Let’s start the new year with some suggestions for better headlines. I’ve included examples because I know how you love examples.
1. Beware of zombies
Packing too much into a headline can easily create wording that will haunt you later.
In this case, the headline writer meant that Pearl Harbor survivors visited their former ships after the recent death of a former shipmate. Instead of saying that, though, the headline created images of zombies. Or ghosts. Or other otherworldly creatures best left to Doctor Who.
My advice: To avoid zombies, don’t let kickers get in the way of headlines. In this case, the key words were “Pearl Harbor,” so putting that in the kicker forced the headline writer into an unnatural construction.
2. Watch that juxtaposition
It’s always dangerous to put two unrelated teasers next to each other like this. Doing so gives the impression of relatedness, whether intended or not.
My advice: Don’t let design impede meaning. Telling readers about other stories is good, but not when adjacent headlines create unintended meaning. In news jargon, a teaser headline is sometimes called a reefer. When something like this happens, the word is apt.
3. Avoid verbs that aren’t verbs
I promised to write more about this ad headline when I posted it after Thanksgiving.

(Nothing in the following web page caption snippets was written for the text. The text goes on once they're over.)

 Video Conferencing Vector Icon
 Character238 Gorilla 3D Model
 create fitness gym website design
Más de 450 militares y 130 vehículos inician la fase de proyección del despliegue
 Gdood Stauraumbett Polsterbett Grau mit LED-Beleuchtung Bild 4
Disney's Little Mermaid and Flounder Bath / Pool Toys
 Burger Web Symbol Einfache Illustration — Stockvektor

It’s from a Best Buy circular.
Advertising often has its own language, but that language still needs to caress the ear rather than smash into it like a greasy frying pan. I assume that gift as a verb has gained momentum from regift, which has all the euphony of a frothing zombie. (For more on zombies, see No. 1.)

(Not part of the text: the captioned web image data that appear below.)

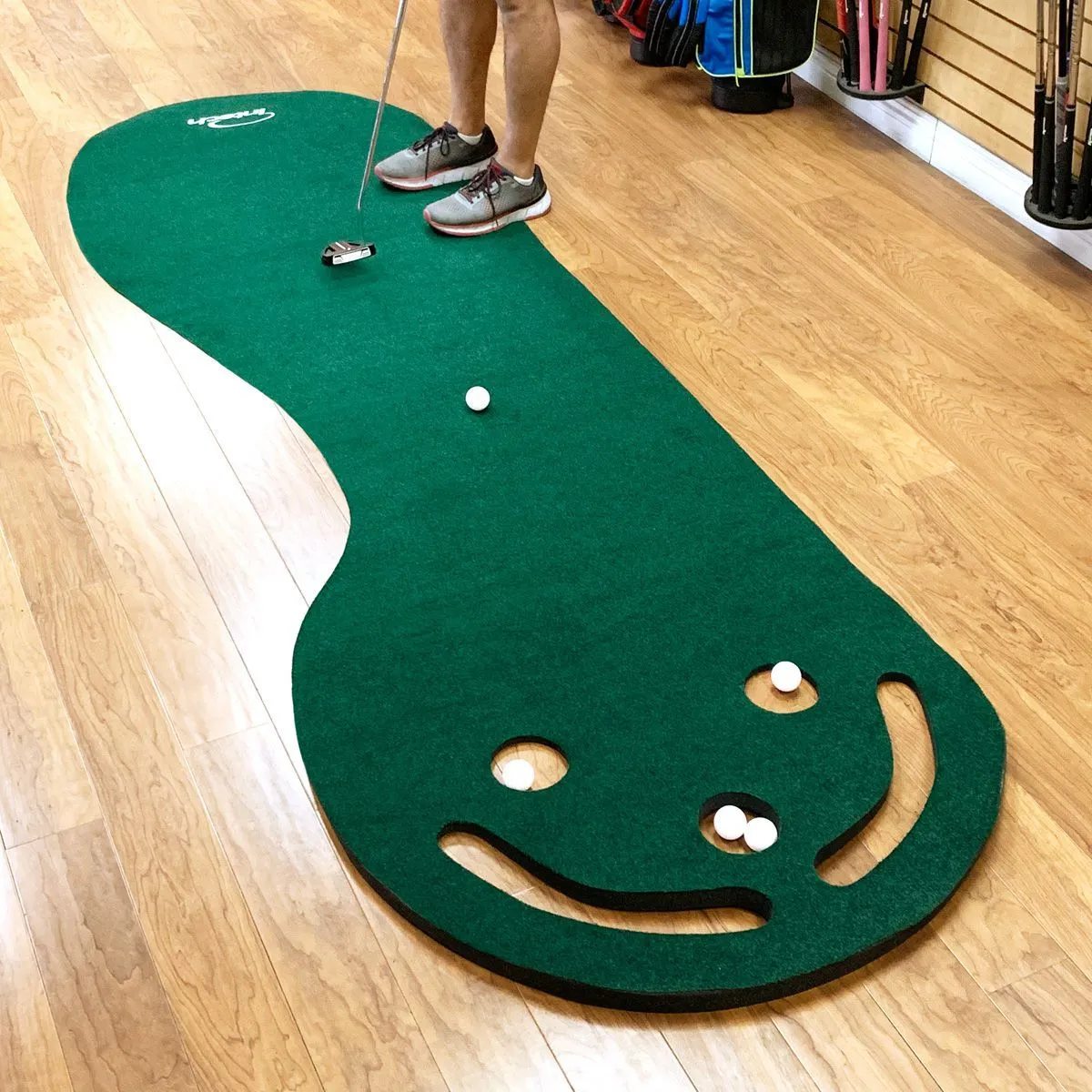 Intech Golf 3 Hole Portable Golf Putting Mat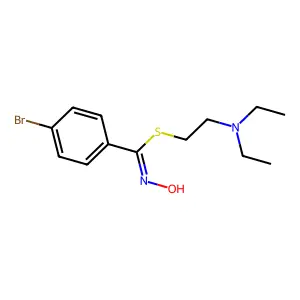 2-(Diethylamino)ethyl 4-bromo-N-hydroxybenzenecarboximidothioate structure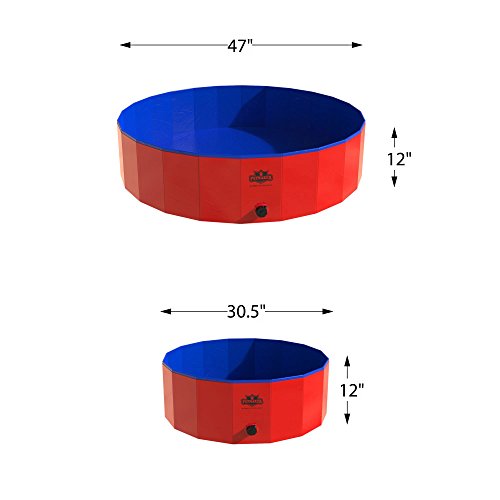 PISCINA PORTÁTIL PARA PERROS PETMAKER DE 30.5' DE DIÁMETRO PLEGABLE CON BOLSA DE TRANSPORTE - PISCINA PEQUEÑA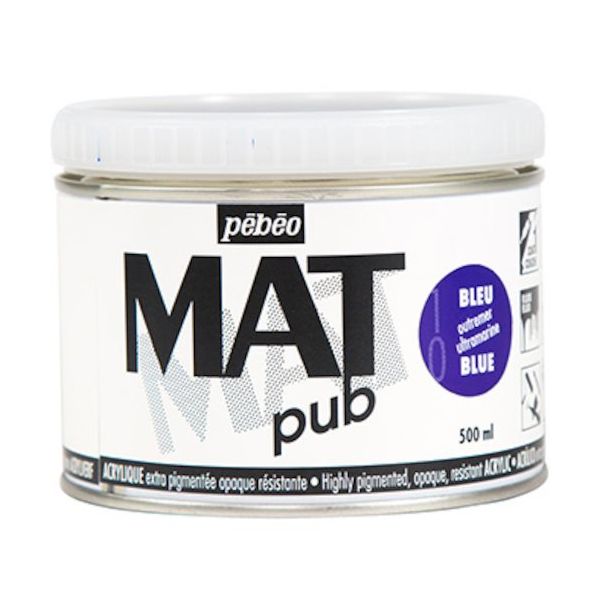 ペベオ・ジャポン ペベオ マットピュブ 500ml NO.10 ウルトラマリンブルー 257010 1本 594-2575（直送品）
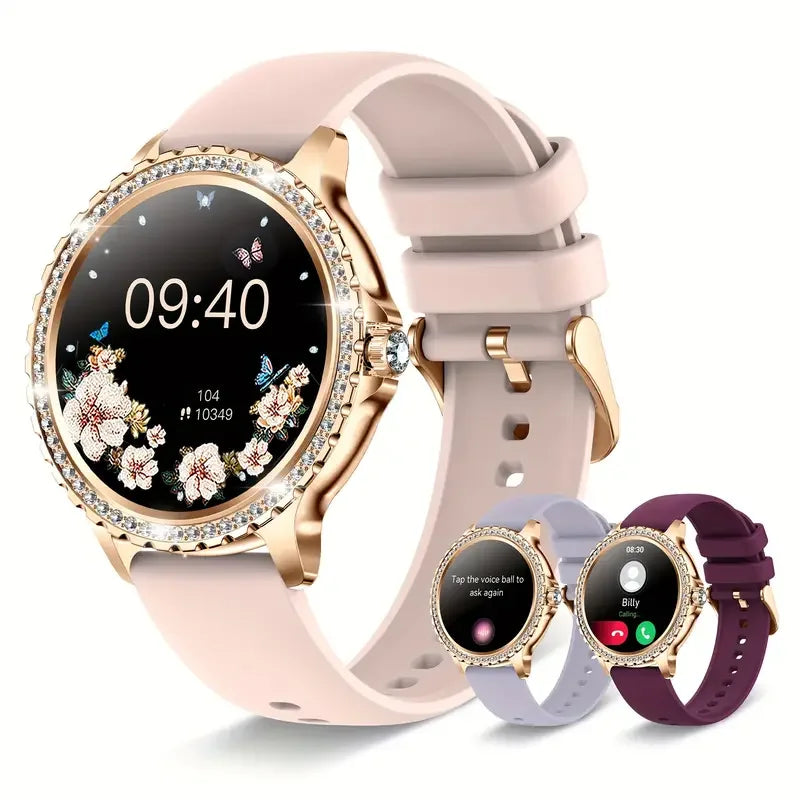 smart Watches for Women for Android and for iPhone Full Touch Screen 100+ Sports Mode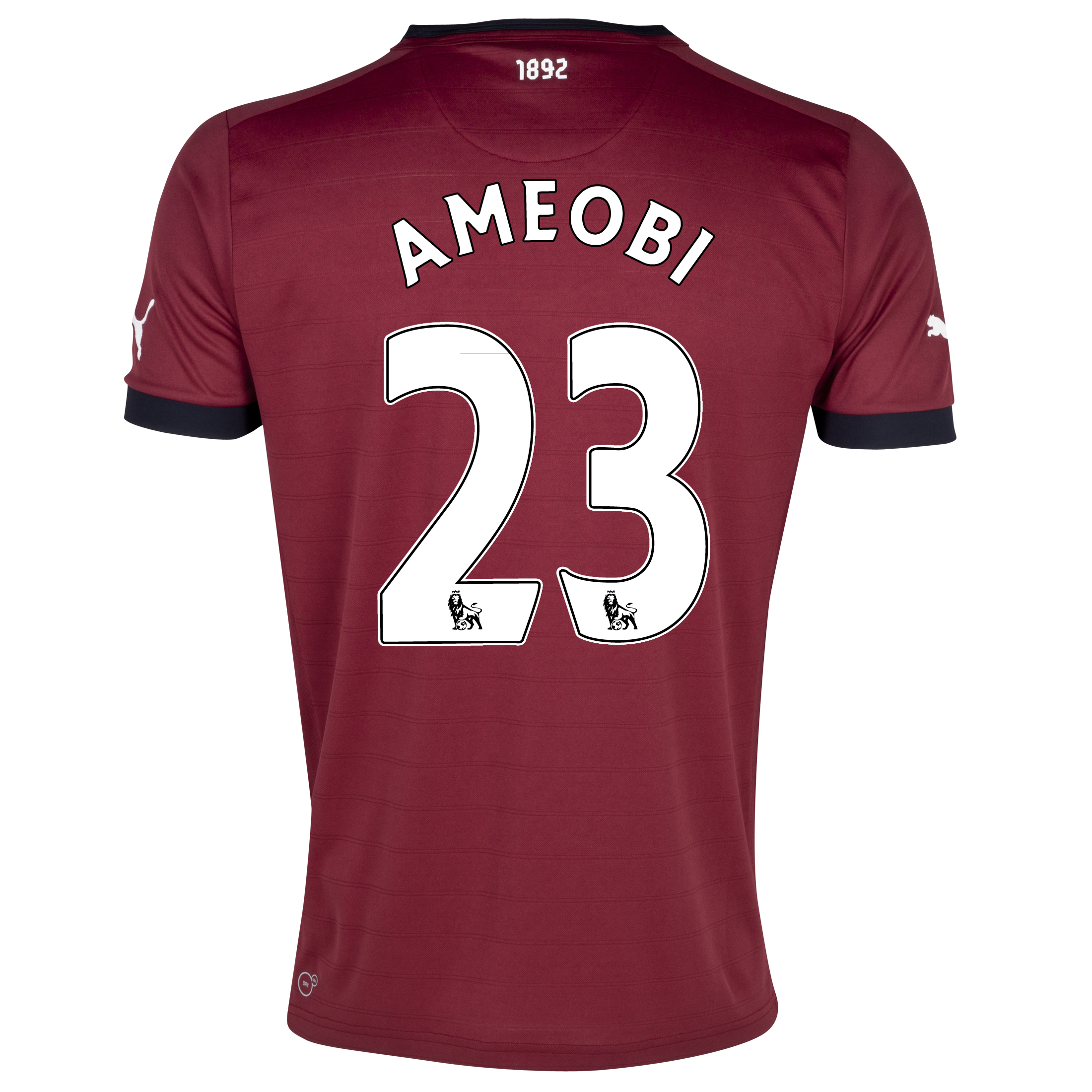 Newcastle United Away Shirt 2012/13 with Ameobi 23 printing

My advice: When you write, use real words.
4. Avoid mixed metaphors
The companion to this headline would be this:
No, Winston Smith, you can’t escape Santa Claus on Facebook
My advice: Don’t Twitter with Orwell.
“Un-” means “not,” of course, except with words like underwear. So if the unconfirmed is confirmed, is it still not confirmed? And if a threat is both confirmed and unconfirmed, does that increase or decrease its credibility? And if an unconfirmed threat is confirmed, is it really a threat? Or is it just underwear?
My advice: Try not to baffle your readers, unless you really want to.

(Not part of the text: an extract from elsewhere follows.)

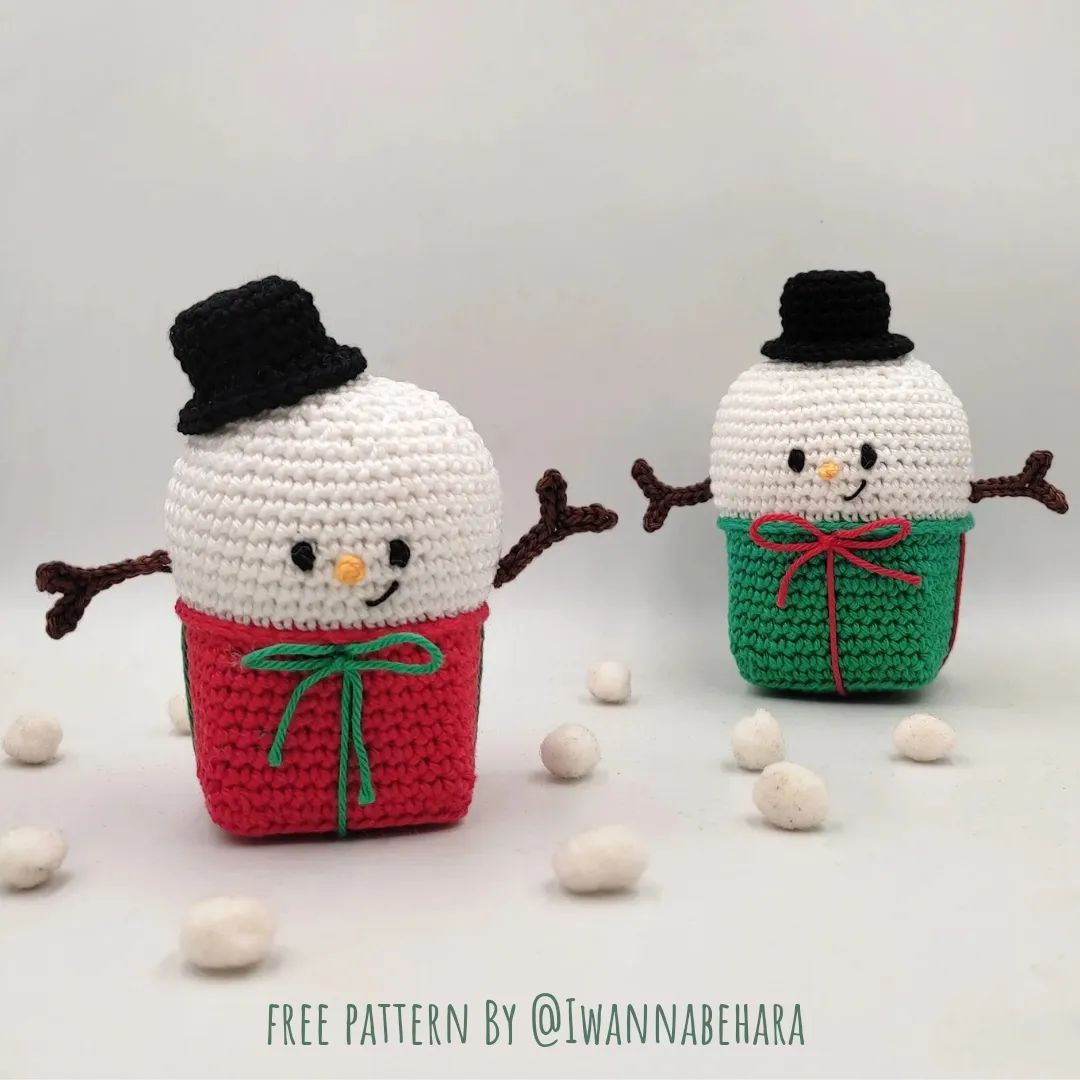 snowman in a gift box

6. Remember that spell-check won’t catch homophones
If you want a refresher on peak and pique, see my post on pesky homophones. If you want to avoid embarrassment in headlines, rely less on spell-check and more on your eye, your brain and your dictionary.
My advice: Look up words even when you think you know what they mean.
7. Beware of double-entendre
Like zombies (see No. 1), double-entendre will force you to sleep with one eye (or maybe both eyes) open. It will also baffle your readers (see No. 5).
So if you want to tell people how to save money, tell them how to save money. If you want to tell them how to get on a bike, tell them how to get on a bike. But don’t make them guess what you are trying to tell them.
My advice: Read all headlines with a dirty mind, a skeptical eye and a juvenile sense of humor. And have a happy New Year.